Each record should be given again exactly, and any picture in it left out.

[Entries taken from a collection]
*** Begin section ***
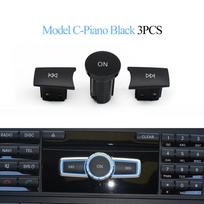 3PCS Front Dashboard  Console Radio CD Player Button Knob Switch Cap For Mercedes Benz W204 X204 W166 W212 W207 W218 W117 W176 black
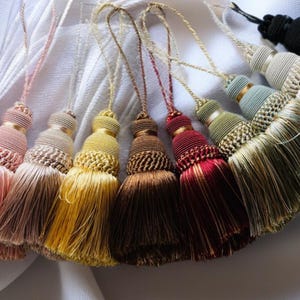 Decorative key tassels, key tassels, vintage style tassels, antique style tassels, furniture tassels,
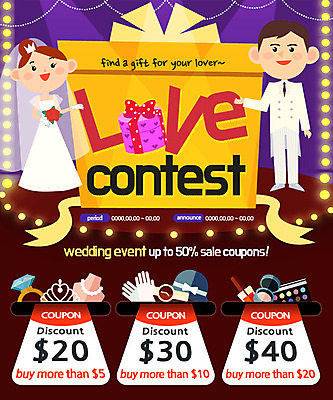PSD 템플릿 커플 여자 남자 웨딩드레스 웹템플릿 결혼 이벤트페이지 이벤트 성인 두명 선물상자 할인쿠폰 이미지템플릿 드레스 관계 선물 사람 상자 쿠폰 페이지 파일형식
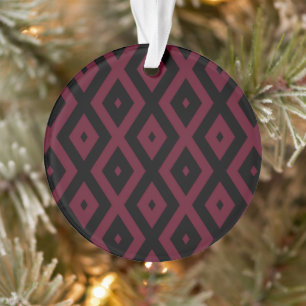 Burgundy- und Schwarz-Diamantmuster Ornament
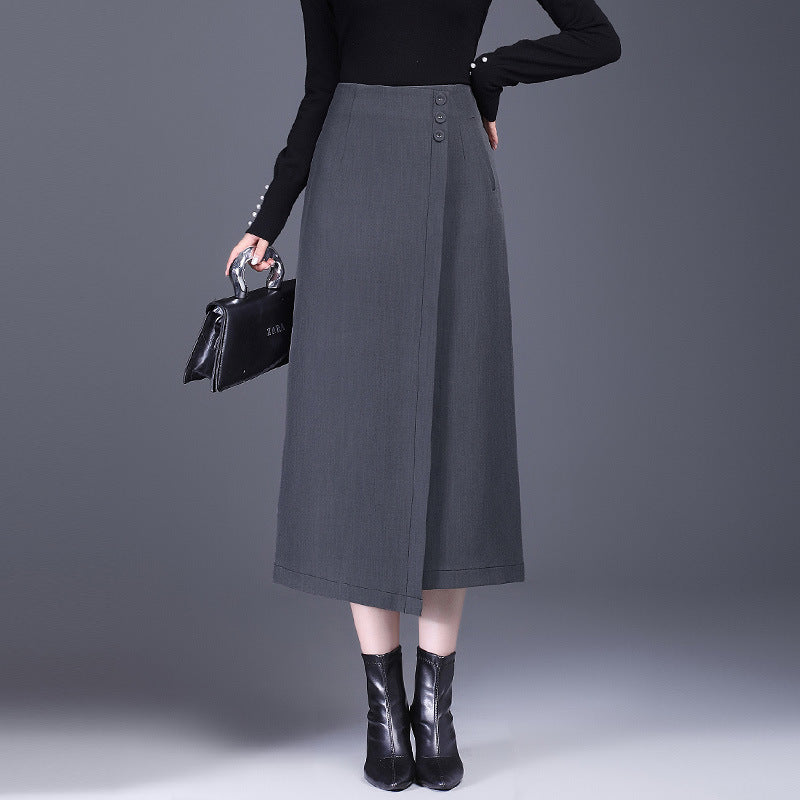 Irregular Straight Sheath Skirt With Draped Split Design-Theone Apparel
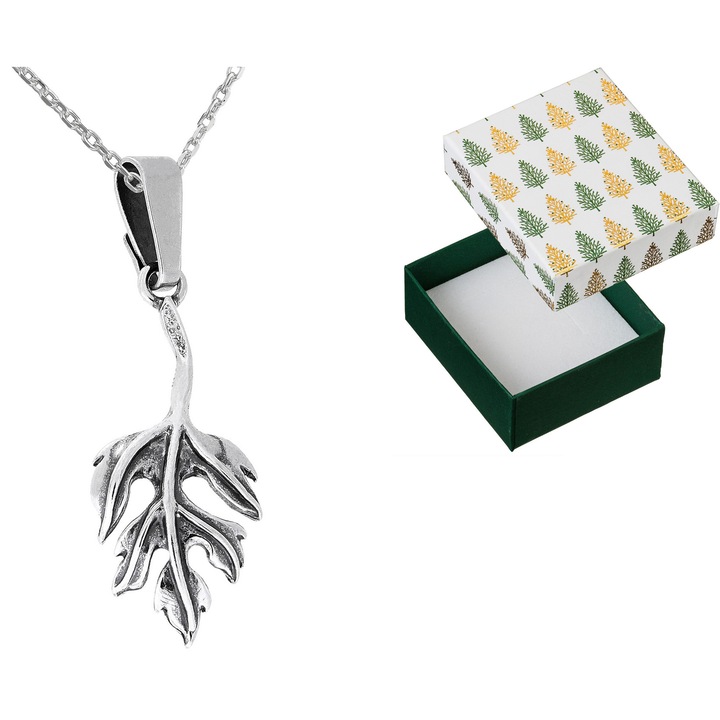 Colier scurt dama, din argint oxidat cu frunza, Siju, 65cm, 925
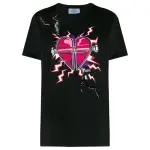 PRADA T Shirt Women's Black Red Multicolor
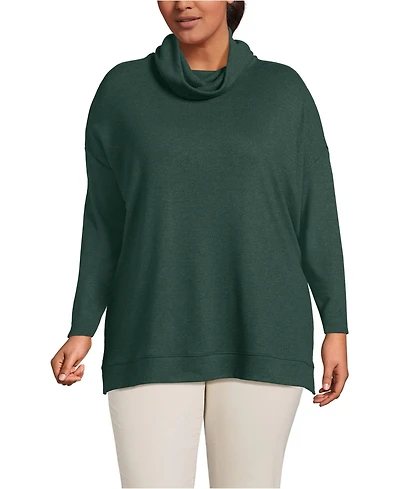 Lands' End Plus Long Sleeve Cozy Knit Cowl Neck Tunic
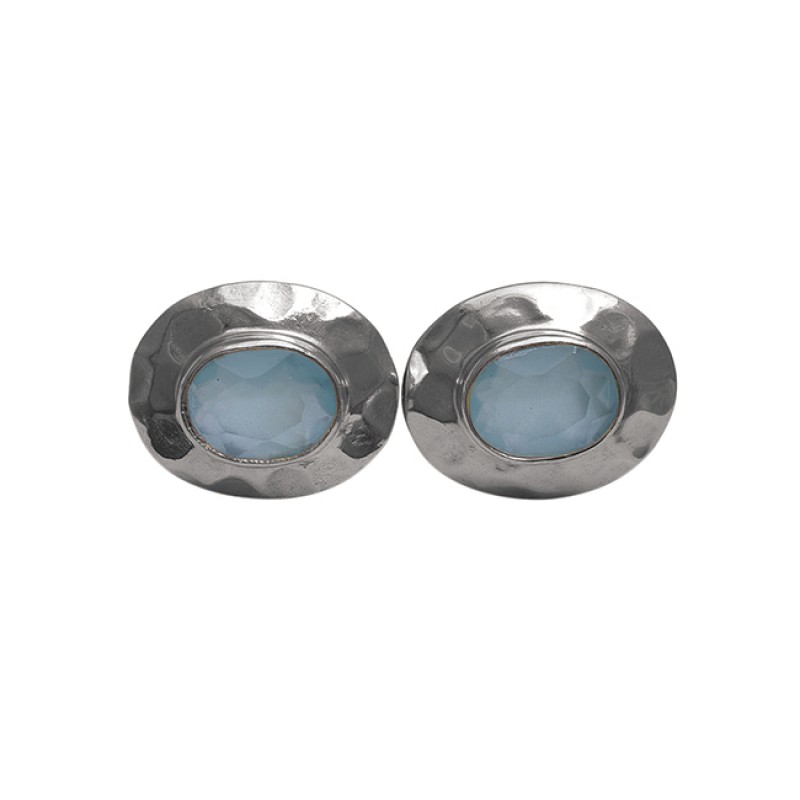 Oval Aqua Chalcedony Gemstone 925 Silver Jewelry Stud Earrings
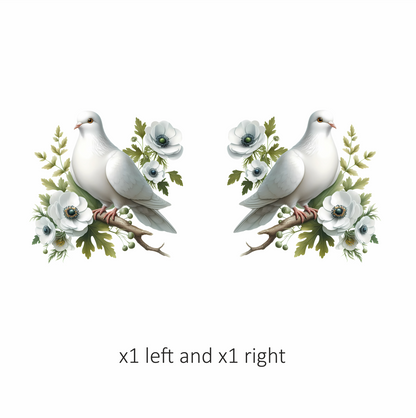 White Dove Bird Sitting With Flowers Vinyl Sticker Decal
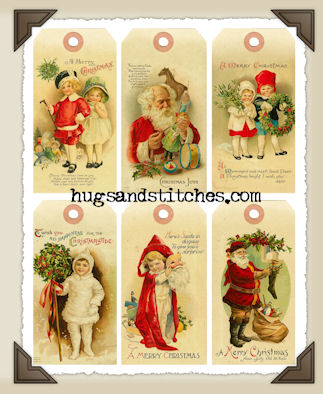 Hang Tags - Christmas Jolly Santas-T134 (set of 6)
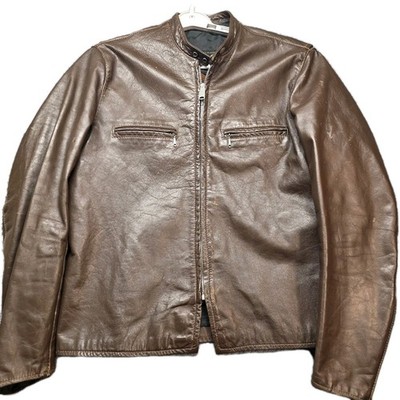 VTG Brooks Leather Cafe Racer Moto Jacket Men's Size 44 Brown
*** End section ***
▶ **Output for this exercise**:
 3PCS Front Dashboard  Console Radio CD Player Button Knob Switch Cap For Mercedes Benz W204 X204 W166 W212 W207 W218 W117 W176 black
 Decorative key tassels, key tassels, vintage style tassels, antique style tassels, furniture tassels,
PSD 템플릿 커플 여자 남자 웨딩드레스 웹템플릿 결혼 이벤트페이지 이벤트 성인 두명 선물상자 할인쿠폰 이미지템플릿 드레스 관계 선물 사람 상자 쿠폰 페이지 파일형식
 Burgundy- und Schwarz-Diamantmuster Ornament
 Irregular Straight Sheath Skirt With Draped Split Design-Theone Apparel
 Colier scurt dama, din argint oxidat cu frunza, Siju, 65cm, 925
 PRADA T Shirt Women's Black Red Multicolor
 Lands' End Plus Long Sleeve Cozy Knit Cowl Neck Tunic
 Oval Aqua Chalcedony Gemstone 925 Silver Jewelry Stud Earrings
 White Dove Bird Sitting With Flowers Vinyl Sticker Decal
 Hang Tags - Christmas Jolly Santas-T134 (set of 6)
 VTG Brooks Leather Cafe Racer Moto Jacket Men's Size 44 Brown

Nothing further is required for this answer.